Verdict: 9.5/10 ✅ - A must-have reference. Biomimetic ceramides + MVE 24h. Best quality/price ratio of the comparison.
Avene Hydra 10 Cream - Normal to dry sensitive skin
Yuka: 100/100 | Rating: 9/10 ✅
Que Choisir : A | Price : ~15 € | ~10 ingredients | Fragrance-free
Hydra 10 Cream is Avène's most sober formula. just a dozen ingredients, all justified. For sensitive skin that reacts to long, heavy formulas, this is a practical solution. Avène thermal spring water (soothing, anti-irritant) + glycerine + light emollients. Well-designed texture, ideal for normal to dry, sensitive or reactive skin.

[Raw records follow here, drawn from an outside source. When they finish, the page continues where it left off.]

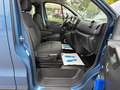 Opel Vivaro B 1.6 BiTurbo L1H1 2,7t (AHK*8xSITZER*PDC-KAMERA) Bleu - thumbnail 8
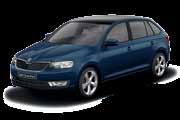 Biela Candy uni Biela Laser uni Žltá Sprint special Červená Corrida uni Modrá Pacific uni Biela Moon metalíza Zelená Rallye metalíza Modrá Denim metalíza Modrá Race metalíza Hnedá Topaz metalíza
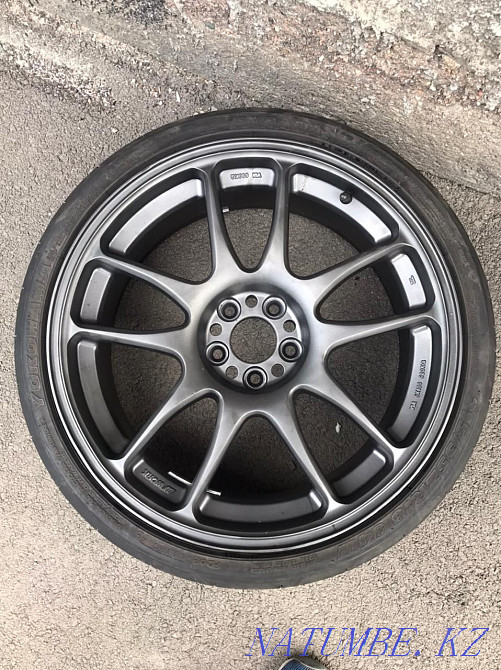 Polymer painting of metal products Almaty - photo 4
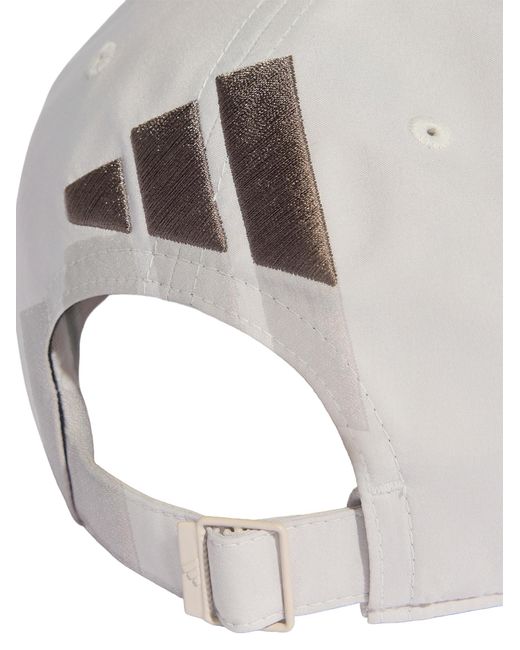 Adidas Cap Au Tm in White für Herren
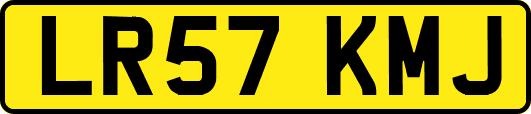 LR57KMJ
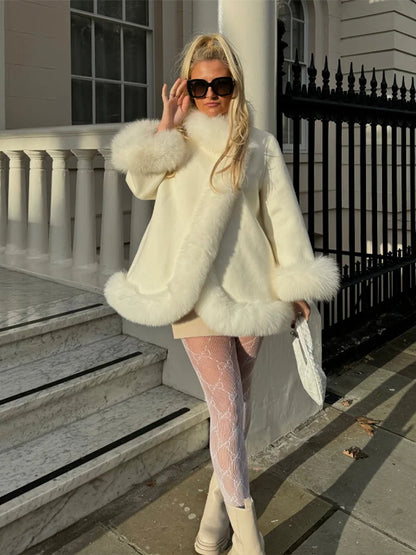 Bellanica - Fashion Patchwork For Elegant  Women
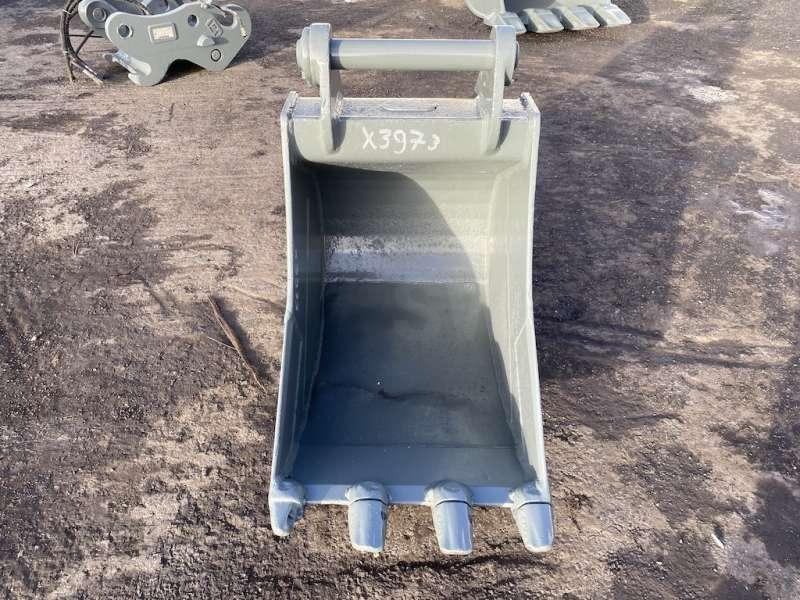 LIEBHERR SW33 - 550mm - Cazo para excavadora para Maquinaria de construcción: foto 3 LIEBHERR SW33 - 550mm - Cazo para excavadora para Maquinaria de construcción: foto 3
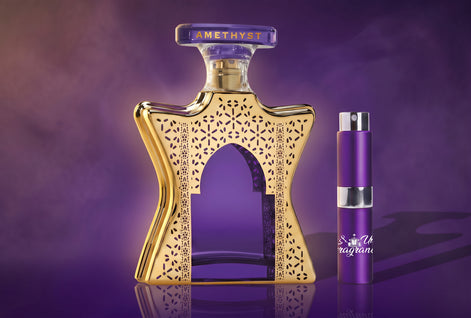 Bond No. 9 New York Dubai Amethyst Travel Size Spray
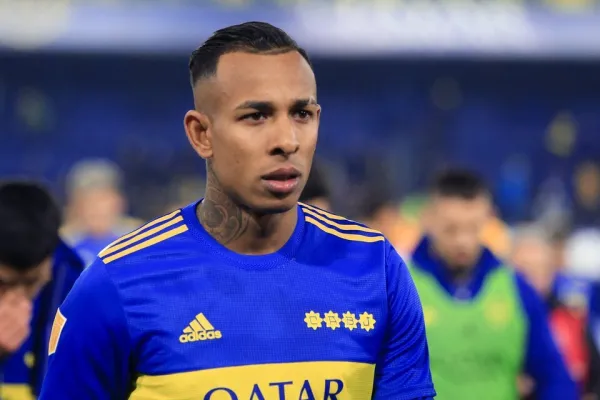 Sebastián Villa, cerca de volver al fútbol argentino: ¿qué equipo lo busca y cómo es su situación judicial?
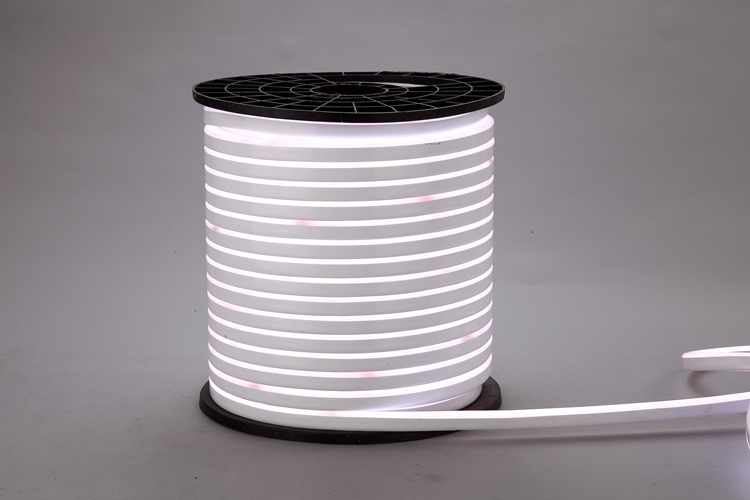 Single-sided Flexible White Light Strip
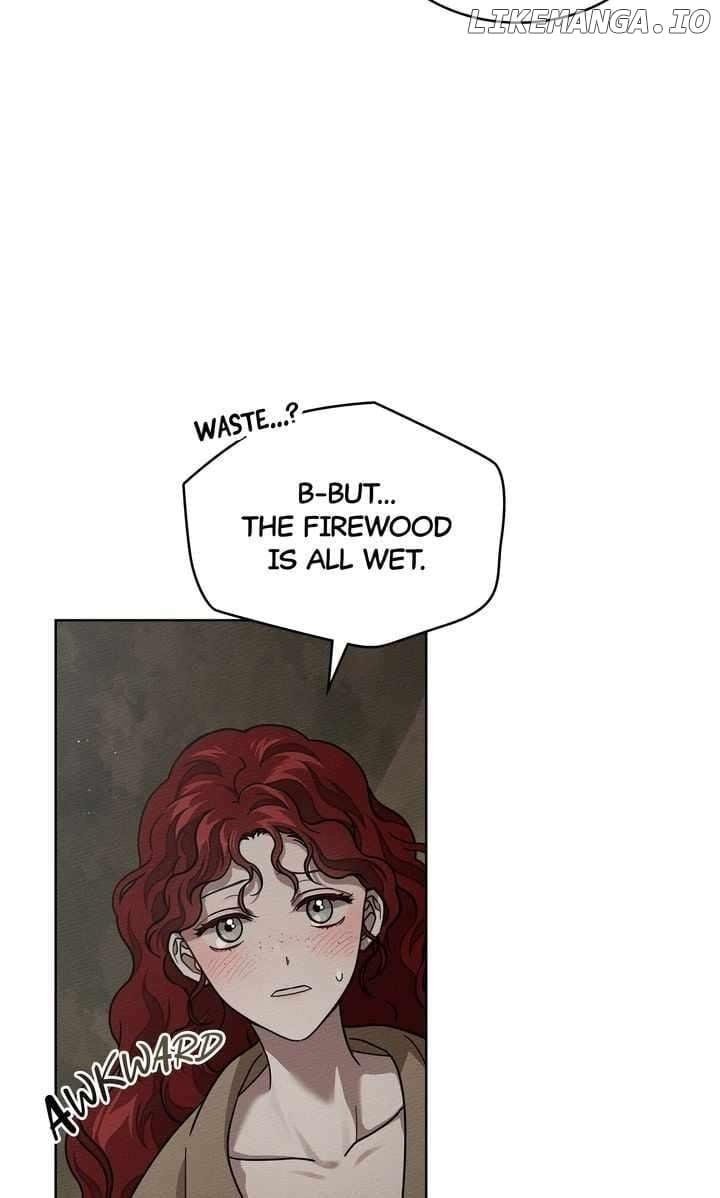Read Under The Oak Tree Manga Online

Verdict: 9/10 ✅ - Minimalist reference for sensitive skin. If your skin reacts to almost any skincare product, start with this one.
Byoma Moisturizing Gel-Cream - Combination to oily skin
Yuka: 100/100 | Rating: 9/10 ✅
Que Choisir : A | Price : ~16 € / 50 ml | Non comedogenic
Tri-ceramide complex + niacinamide + green tea. Light gel-cream texture, fast absorption, non-greasy finish. Well-suited to combination to oily skin that need to reinforce their barrier (ceramides) without overloading with lipids. Niacinamide regulates sebum and has a complementary anti-inflammatory effect.
Verdict: 9/10 ✅ - Reference gel-cream for combination to oily skin. Ceramides + niacinamide in a light, non-comedogenic texture.
Avene Moisturizing Fluid - Normal to Oily Skin
Yuka: 100/100 | Rating: 8.5/10 ✅
Well-designed, minimalist formula, light fluid texture. Ideal for normal to oily skin who are looking for basic hydration without lipid overload. Avène thermal spring water provides the brand's usual soothing benefits. Fragrance-free. The right Avène choice for skin that finds Hydra 10 Cream too rich.
Verdict: 8.5/10 ✅ - Avène minimalist fluid formula. The logical choice for normal to oily skin in the range.
Beauty of Joseon Relief Sun Cream / Gel-Crème haricot rouge - Oily skin
Yuka: 100/100 | Rating: 8.5/10 ✅
Que Choisir : A | Note : Price : ~16 € / 50 ml
Beauty of Joseon's red bean gel-cream is specifically formulated for oily skin. Red bean extract (44 % in the formula) is rich in saponins - natural glycosides with purifying and absorbing properties that regulate excess surface sebum. The light, dewy gel texture is rapidly absorbed, with no greasy film.
It's an interesting K-beauty alternative to Western cream-gels for oily skin. The evidence on red bean saponins is more recent than on conventional active ingredients, but serious. Well-suited to oily Asian and combination skins - to be tested on very oily European skin, where the response may vary.
Verdict: 8.5/10 ✅ - Light gel-cream for oily skin. Red bean 44 % = documented natural sebum reducer. Ideal texture for this profile.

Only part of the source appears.